What you will do:
Nothing but the pictures may be dropped; the rest of the listing is to be written out exactly.

Data below:

※

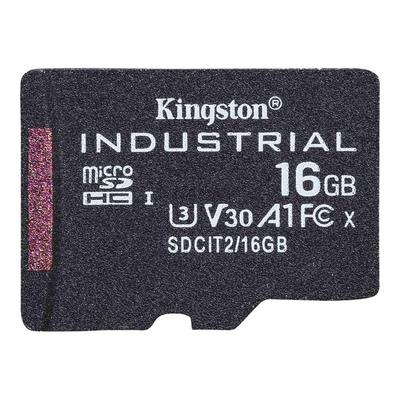 Product Κάρτα Μνήμης MicroSDHC 16GB Kingston Industrial - UHS-I base image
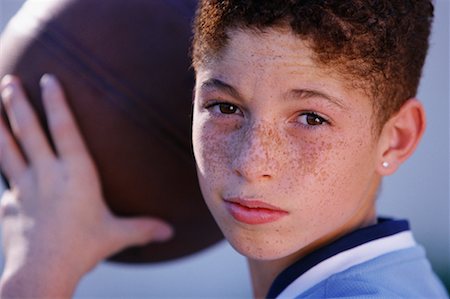 simsearch:700-00097991,k - Portrait of Boy Holding Basketball Stock Photo - Rights-Managed, Code: 700-00185869
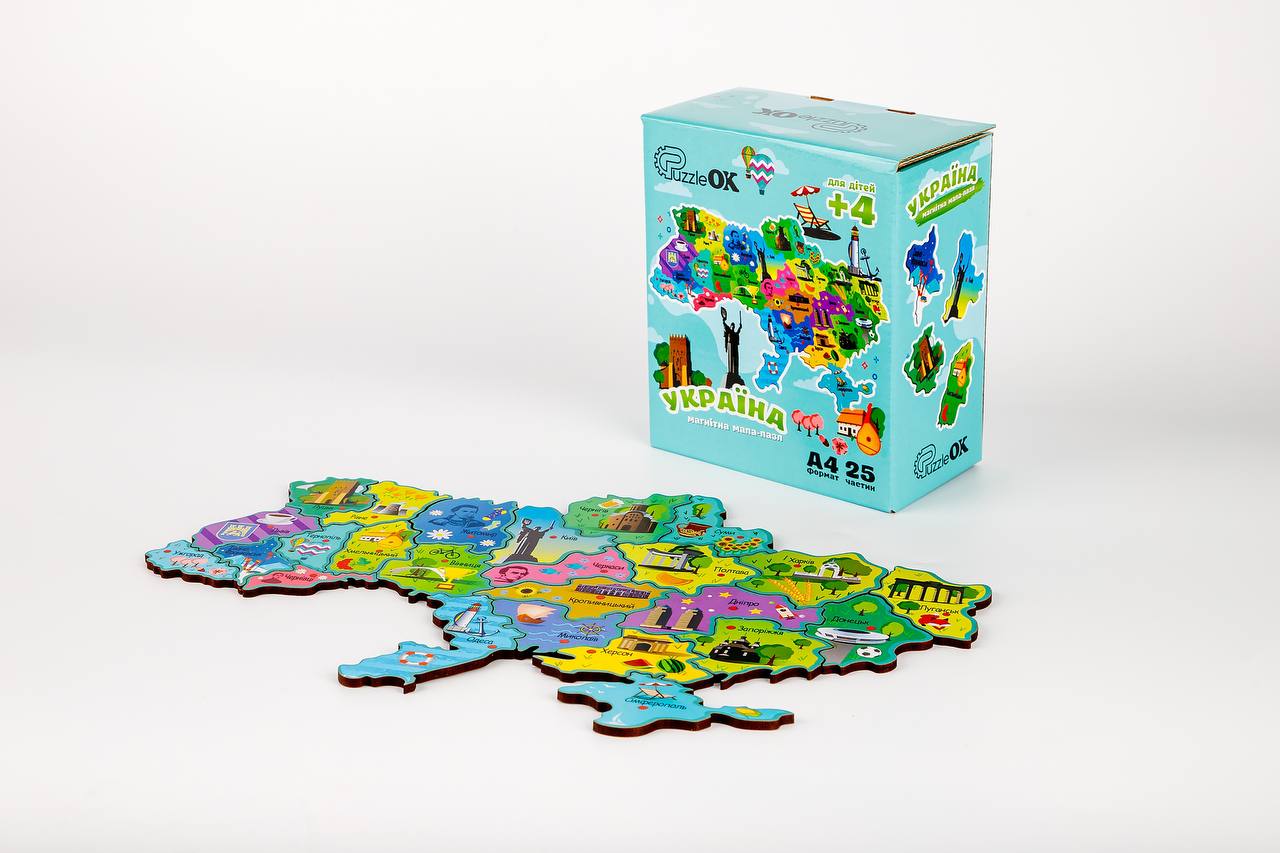 Магнітна мапа-пазл Україна Магнітна мапа-пазл Україна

※

Task output:
 Product Κάρτα Μνήμης MicroSDHC 16GB Kingston Industrial - UHS-I base image
 simsearch:700-00097991,k - Portrait of Boy Holding Basketball Stock Photo - Rights-Managed, Code: 700-00185869
 Магнітна мапа-пазл Україна Магнітна мапа-пазл Україна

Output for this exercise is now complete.